January and February are actually the eleventh and twelfth months of the year, not the first and second.
When the Roman calendar was first introduced in the eighth century B.C.E., it inaccurately contained only 304 days for a total of ten months: Martius, Aprilis, Maius, Junius, Quin-tilis, Sextilis, September, October, November, and December. The names of the last six months were taken from the Roman words for five, six, seven, eight, nine, and ten.
In 452 B.C.E., when the months started to slide out of sync with the seasons, Roman ruler Numa added the month of January at the end of the year and the month of February at the beginning of the year. To make the calendar match the solar year, he decreed that the month of Mercedinus (with 23 days) be inserted between February 23 and 24 every other year. Four hundred years later, the calendar had slid so far out of sync that winter began in September. In 46 B.C.E., Roman emperor Julius Caesar, advised by astronomer Sosigenes, dropped the month of Mer-cedina and gave each of the remaining twelve months 30 or 31 days, except for February, which he gave 29 (adding a thirtieth day to February every fourth year). Caesar realigned the new Julian calendar with the seasons by adding an extra eighty days to the year as 46 B.C.E., which the Romans dubbed “the year of confusion.”

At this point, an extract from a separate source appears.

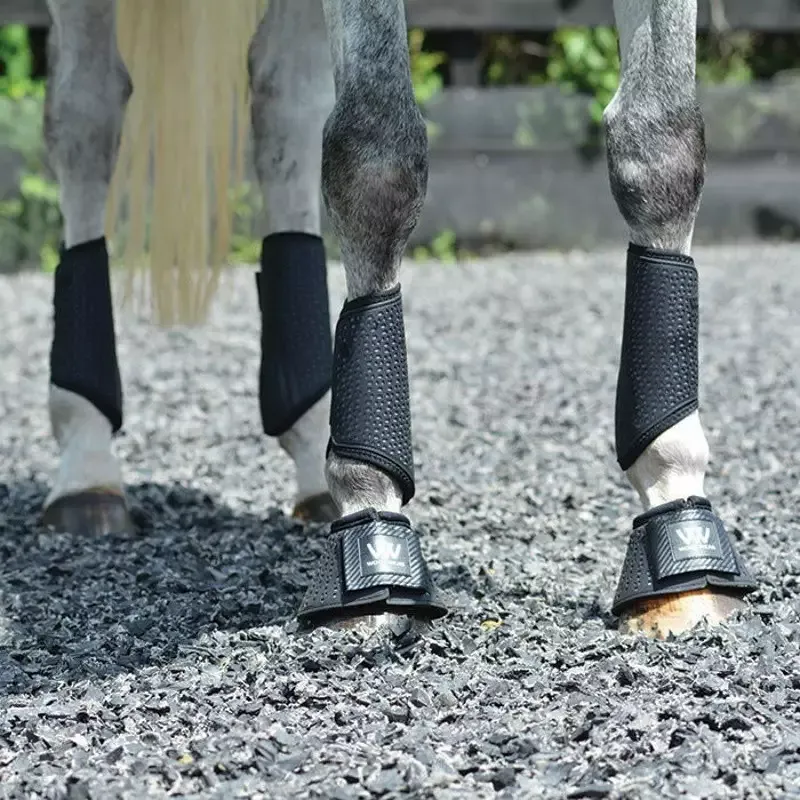 Cloches Woof Wear iVent respirantes cheval – L – Noir Populaire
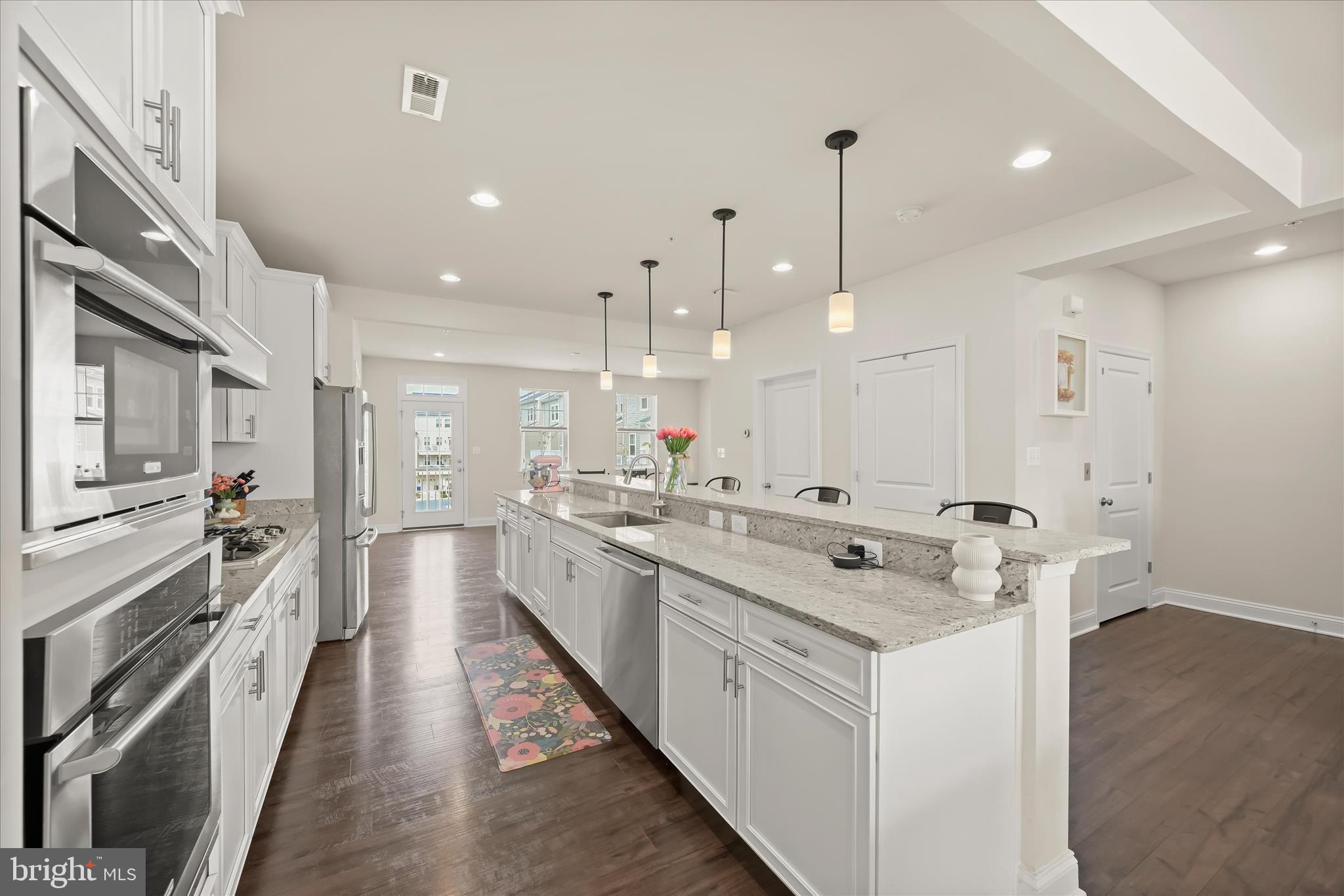 OXFORD SQUARE - Residential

Unfortunately, the Julian calendar, while nearly accurate, was off by twelve minutes. The Romans figured a year had 365.25 days, but in reality, a year has 365 days, 5 hours, 48 minutes, and 46 seconds. By 730 C.E., a monk realized that this slight inaccuracy (eleven minutes, fourteen seconds) had caused the calendar to fall 5.5 days behind the change in season. He tried to make adjustments, but nobody listened until 800 years later. In 1582, Pope Gregory XIII corrected the mistake by shortening October 1582 by ten days and decreed that February would have an extra day each fourth year except in century years that could not be divided by 400 (such as 1700). England and its colonies (including America) did not adopt the Gregorian calendar until 1752, by which time the calendar was off by eleven days. Russia did not change to the Gregorian calendar until 1918.